_How to complete this task_. What you return should match the data below exactly, with no pictures in it.

_Provided material_.
────────

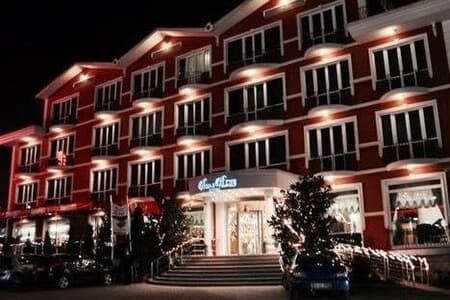 Pasha Palas Hotel
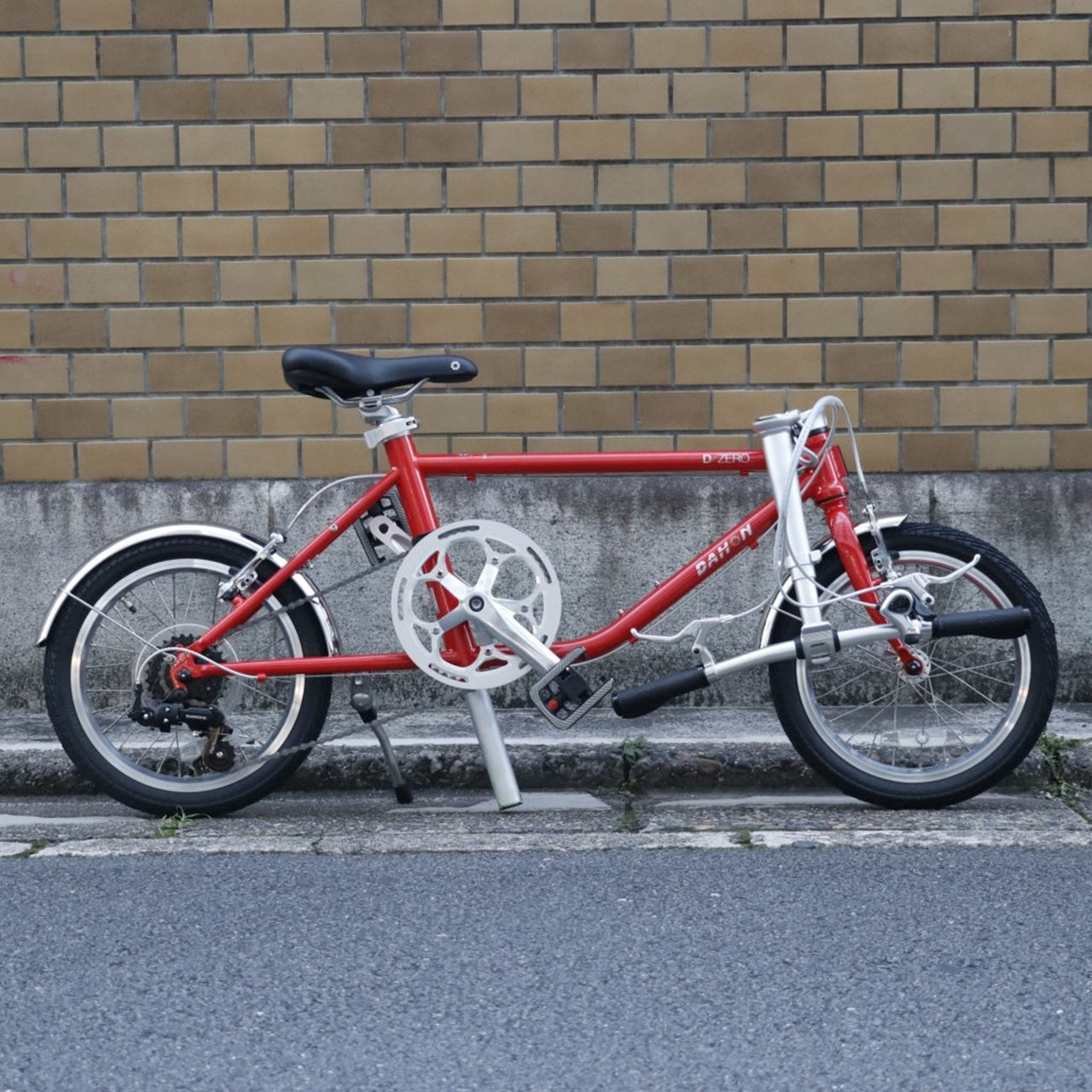 D-Zero ダホン 折畳 フォールディング folding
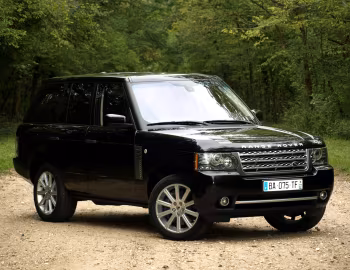 Range Rover Vogue SE (L322) '2009–12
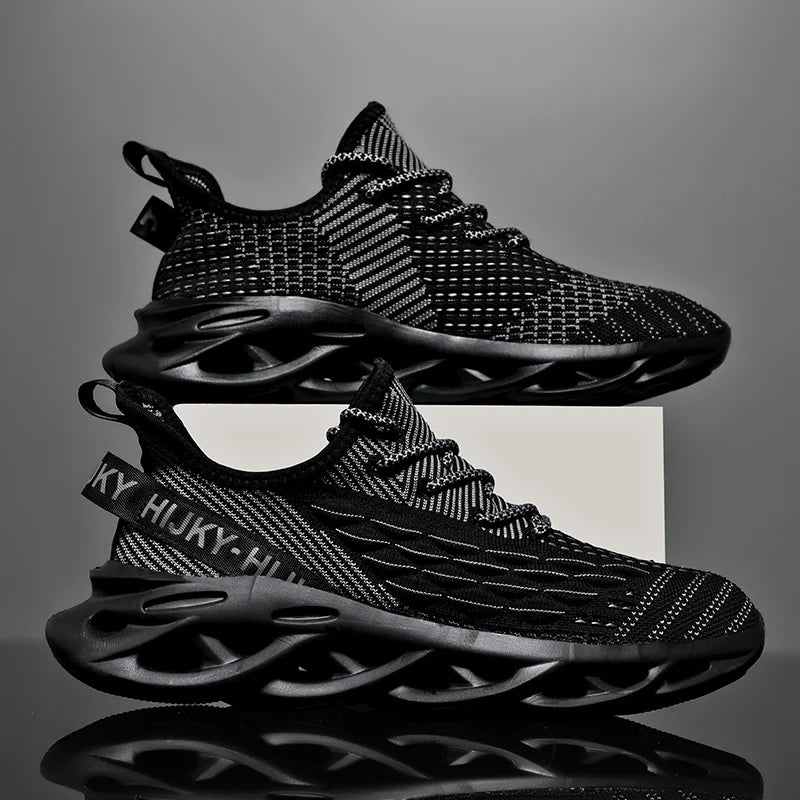 men shoes Sneakers Male Mens casual Shoes tenis Luxury shoes Trainer Race Breathable Shoes fashion loafers running Shoes for men Pi-Mart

────────

_The answer_.
 Pasha Palas Hotel
 D-Zero ダホン 折畳 フォールディング folding
 Range Rover Vogue SE (L322) '2009–12
 men shoes Sneakers Male Mens casual Shoes tenis Luxury shoes Trainer Race Breathable Shoes fashion loafers running Shoes for men Pi-Mart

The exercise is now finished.